Reading this left me surprised.  I thought a monitor was more of a watchdog than the master, more a set of eyes looking over your shoulder than the brains of the operation.  So, some research was in order.

Sure enough, it was not hard to find other situations where law enforcement agencies had agreed with the Department of Justice to permit an independent monitor.  Here is one where Prince George's County P.D. (Maryland) and the DOJ together picked an independent monitor because the P.D. had been investigated for use of force and excessive force issues.  Note that the monitor was to "evaluate" the implementation of reforms, "provide technical assistance", and "issue regular reports" in order to ensure compliance with the parties' agreement.

Here is another one where the parties chose two former law enforcement officers to monitor the New Jersey State Police after they were investigated for racially discriminatory traffic stops.  Again, the monitor was to "ensure that the state is implementing the terms of the decree."  How?  They "

The agreement between the DOJ and New Jersey State P.D. was in 2000.  How did it turn out?  Well, they were able to dissolve the consent decree in 2004 and a 2006 expert opinion found that the independent monitors and the NJSP both worked together and great improvements were made.  At that point, the NJSP was considering voluntarily retaining its own outside monitor to audit its progress.  (The report also runs through several other police agencies and their monitor situations.)

It would seem that an "independent monitor" does not quite fit the descriptions used in the MCSO press release.  But, the problem becomes crystal clear when reading this article about  recent court hearings about the ongoing consent decree battles in federal court regarding the Oakland (CA) Police Department.  The consent decree was entered into in 2003, and there has been an independent monitor since.  However, the monitoring team has noted in its most recent quarterly audits that not only has there not been progress but there has been backsliding in some areas.  Therefore, the judge is considering beginning proceedings to place the police department into "receivership".  Now, THAT sounds like control!

Read a bit further and you see that two civil rights attorneys who have been active in the case for many years are now pushing the judge to appoint a federal MASTER to take control of the department.  That would - or, could, depending on conflicts with constitutions and laws, such as Arpaio hinted at - remove significant decision-making from the Oakland Police Chief, City Manager, etc.  Which is another reason why it is obviously more complex than what the DOJ was apparently asking the MCSO to agree to.

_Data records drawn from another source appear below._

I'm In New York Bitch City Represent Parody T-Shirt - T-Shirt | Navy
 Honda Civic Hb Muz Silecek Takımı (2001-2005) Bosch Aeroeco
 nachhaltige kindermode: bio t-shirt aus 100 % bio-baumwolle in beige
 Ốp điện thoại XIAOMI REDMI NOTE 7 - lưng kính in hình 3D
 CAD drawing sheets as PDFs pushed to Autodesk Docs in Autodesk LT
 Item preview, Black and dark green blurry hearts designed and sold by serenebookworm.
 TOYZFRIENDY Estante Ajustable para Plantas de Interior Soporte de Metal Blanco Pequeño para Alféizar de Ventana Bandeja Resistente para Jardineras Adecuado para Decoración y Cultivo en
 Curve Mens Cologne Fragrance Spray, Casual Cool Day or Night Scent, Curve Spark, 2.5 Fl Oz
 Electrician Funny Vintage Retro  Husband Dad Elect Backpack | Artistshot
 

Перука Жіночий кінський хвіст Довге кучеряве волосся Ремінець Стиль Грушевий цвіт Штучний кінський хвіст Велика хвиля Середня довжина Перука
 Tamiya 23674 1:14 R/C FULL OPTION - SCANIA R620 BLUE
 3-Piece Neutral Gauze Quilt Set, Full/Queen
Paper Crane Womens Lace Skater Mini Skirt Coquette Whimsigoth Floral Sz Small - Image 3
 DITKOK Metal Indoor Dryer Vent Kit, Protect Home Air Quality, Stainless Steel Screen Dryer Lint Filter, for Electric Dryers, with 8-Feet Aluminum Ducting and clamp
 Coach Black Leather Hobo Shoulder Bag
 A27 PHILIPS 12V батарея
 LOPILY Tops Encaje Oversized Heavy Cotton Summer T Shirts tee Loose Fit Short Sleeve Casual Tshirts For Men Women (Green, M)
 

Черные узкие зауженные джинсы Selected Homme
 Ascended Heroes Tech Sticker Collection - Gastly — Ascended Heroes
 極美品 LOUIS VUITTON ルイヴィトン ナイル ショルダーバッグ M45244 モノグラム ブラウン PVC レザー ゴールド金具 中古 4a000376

It is understandable that Arpaio and his close staff (e.g. "Deputy Director and Attorney" MacIntyre) might confuse "monitor" and "master".  It is less understandable that their highly paid Jones, Skelton & Hochuli attorney, Joseph Popolizio, would be unclear.  And, any attorney trying to best represent his client - as opposed to one permitting a disagreement to be stretched out for as long as possible - would make sure that their client clearly understands the distinctions.

"Surrender" vs. "Comply".  "Master" vs. "monitor".  It seems clear to most of us in Maricopa County, doesn't it?  You know, the ones who are really paying the bill for the squabbles, the private attorneys and impending litigation.